With the exception of the proposed weapons counseling, DAHI's prescription itself is fairly standard gun-control boilerplate, the usual thin end of the anti-Second Amendment wedge. DAHI's agenda includes an extension of the Brady background checks, restrictions on the number of guns that can be bought within a given period, and, of course, that stalker-friendly favorite, the imposition of an interval "between the time an individual purchases a weapon and the time s/he takes possession of it."

As ideas they are nonsense, of course, but what makes these suggested "interventions" (as they are pretentiously labeled) particularly offensive is the way that they are an abuse of the aura and the authority of the physician. By pretending that these measures are a "healthcare" issue, DAHI is attempting to push through a partisan program without the bother of going through the normal political debate. Such debate may be messy, but it is essential part of democracy. These lordly doctors, seem to above such petty considerations.
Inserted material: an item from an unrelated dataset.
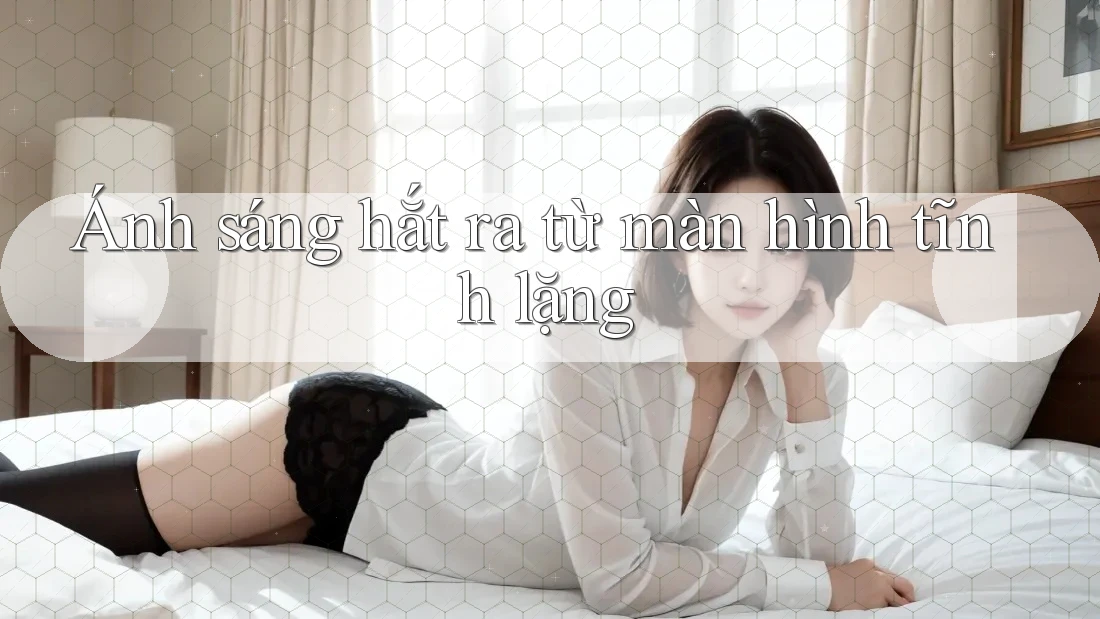 Ánh sáng hắt ra từ màn hình tĩnh lặng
Perhaps even worse, they also appear to consider themselves to be above the standards of accuracy and objectivity that we are traditionally entitled to expect from our physicians. To take a couple of examples, visitors to DAHI's website will, amid talk of "carnage," grudgingly be told that there has been a fall in gun-related deaths since 1993. It is explained, however, that this fall is at least "partly" attributable to the Brady Law. The fact that the decline began a year or two before the law came into force is not referred to, nor is there any analysis of how many lives might be saved by the defensive use of guns. Similarly, there is plenty of focus on accidental death from firearms, but no mention of the fact that, between 1980 and the late 1990s this total fell by nearly a half, despite rapidly rising levels of gun ownership. Tragic though it is, the death toll from firearms accidents is smaller than that from drowning, burning, or even simply falling over. It is not much larger than the number who come to their end while engaged in recreational boating, and it is less than one-thirtieth of the total killed in motor vehicle accidents.

DAHI's selective use of statistical data might be acceptable in the normal course of political polemic, but coming from people who are portraying themselves as participants in this debate on the basis of their "expertise and experience as physicians," it is a disgrace. DAHI tell us that "presenting basic facts and helping patients make informed decisions" is part of the doctor's job. If their website is any indicator as to how they judge the "basic facts," these physicians have a very strange way of going about their work.

After seeing what he had to say to the press, I would not even accept an aspirin from one of DAHI's leaders, Dr. Jeremiah Barondess, without a second opinion. In an interview with the New York Observer, Dr. Barondess, president of the important-sounding New York Academy of Medicine, felt able to claim that the pressure group was "neutral politically, academically and intellectually," an assertion that reveals the contempt he must feel for the reasoning powers of that newspaper's readers.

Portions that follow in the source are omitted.